Status epilepticus (SE) can be categorized into convulsive and nonconvulsive status epilepticus (NCSE). Generalized convulsive status epilepticus is the most commonly encountered form of status epilepticus and is defined as: (1) clinical seizure activity lasting 5 minutes or longer; or (2) two or more seizures without full recovery of consciousness between them. NCSE is a persistent change in the level of consciousness or behavior associated with ongoing seizures on electroencephalogram (EEG), without convulsive activity. NCSE should be considered in patients who present after a prolonged generalized tonic-clonic seizure but do not return to baseline, and in patients who present with persistent confusion, abnormal behavior, or unexplained coma. It is often overlooked given the lack of motor manifestations. SE is a neurologic emergency associated with high morbidity and mortality, and urgent treatment is necessary. The prognosis depends both on the etiology and the duration of seizure activity. In some cases, treatment of the underlying cause of SE (e.g., autoimmune or infectious encephalitis, metabolic derangement) may be necessary to achieve successful seizure control.
The first phase of treatment comprises ensuring the airway is protected, ventilation is adequate, and the patient is hemodynamically stable. Immediate intubation is not always necessary, and use of paralytic drugs to assist intubation will confound the assessment of ongoing convulsive activity. The time of seizure onset should be determined in order to gauge the duration of SE, which impacts the decision of when to escalate therapy. Electrolytes and glucose should be assessed, and antiepileptic drug levels checked if the patient was taking these previously.
A benzodiazepine should be given as soon as possible; standard choices include either intravenous (IV) lorazepam if IV access is available or intramuscular (IM) midazolam otherwise. Adequate dosing (e.g., 4 mg of lorazepam or 10 mg of midazolam) is critical. This should be repeated after 5 minutes if seizures continue. In the prehospital setting where an IV line is not in place, midazolam IM has been demonstrated to be more efficacious than IV lorazepam because of speed and ease of administration. The patient’s need for airway protection should be continually reassessed during treatment.
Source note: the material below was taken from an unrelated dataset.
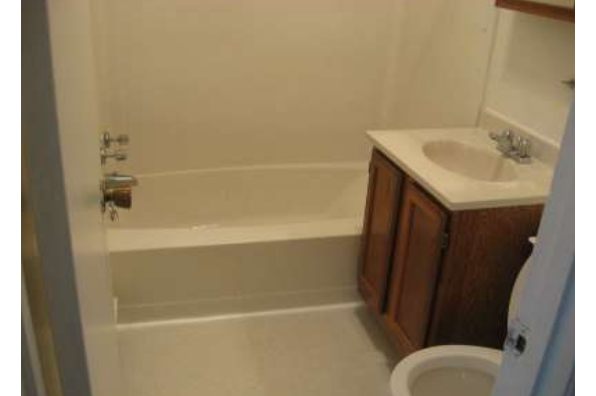 62 Broad Street, 3 Bedroom (Photo 6)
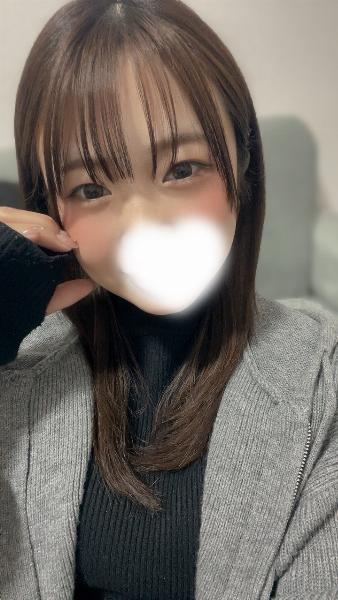 プリンセスメロン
If the patient fails to respond to initial therapy, second-line therapy with an IV antiepileptic medication such as levetiracetam should be started. Valproic acid and phenytoin (or fosphenytoin) may be considered as alternatives; however, levetiracetam has a better side effect profile and fewer drug interactions. Levetiracetam is renally excreted, and dosing should be adjusted in patients with renal disease. IV phenytoin should be used with caution given the risk of infusion site reactions (purple glove syndrome) and cardiac arrhythmias, particularly with rapid infusion. These risks are reduced with fosphenytoin. If seizures abate, the antiepileptic drug given should be continued as maintenance therapy pending further evaluation. Noncontrast head computed tomography should be completed as soon as safe, particularly in patients without a well-established epilepsy diagnosis.
If convulsive seizures continue despite second-line therapy for a total duration of > 30 minutes, midazolam should be started, typically given as a bolus followed by continuous infusion titrated to achieve cessation of seizure activity. Alternatives to midazolam include propofol and pentobarbital. The effectiveness of midazolam is reduced with prolonged use (> 24 hours) and may require an increase in dosing. If not already performed, intubation is mandatory at this stage. Continuous EEG monitoring for subtle or subclinical continued seizures should be initiated if possible.
In the setting of NCSE, the benefit of midazolam or other anesthetic agents to control seizures must be weighed against the nontrivial risks of these therapies. The type and manifestations of NCSE should be considered. Patients with NCSE persisting after resolution of convulsive SE or those in coma should be treated more aggressively.
If refractory seizures continue, an infusion of propofol or pentobarbital can be considered. Continuous EEG monitoring should be considered mandatory at this stage and, if not available, transfer to facility capable of providing this should be considered. Propofol has a short half-life, but may lower blood pressure and, if used for more than 48 hours, can be associated with propofol infusion syndrome (rhabdomyolysis, congestive heart failure, lactic acidosis, and hypertriglyceridemia). Pentobarbital is typically used when a patient is weaned off another third-line agent, such as midazolam or propofol, after 24 to 48 hours. Pentobarbital has a long half-life and takes several hours to reach a therapeutic level. It is very effective at achieving a burst-suppression pattern on EEG, but it is associated with high morbidity because of the prolonged duration of pentobarbital-associated comas.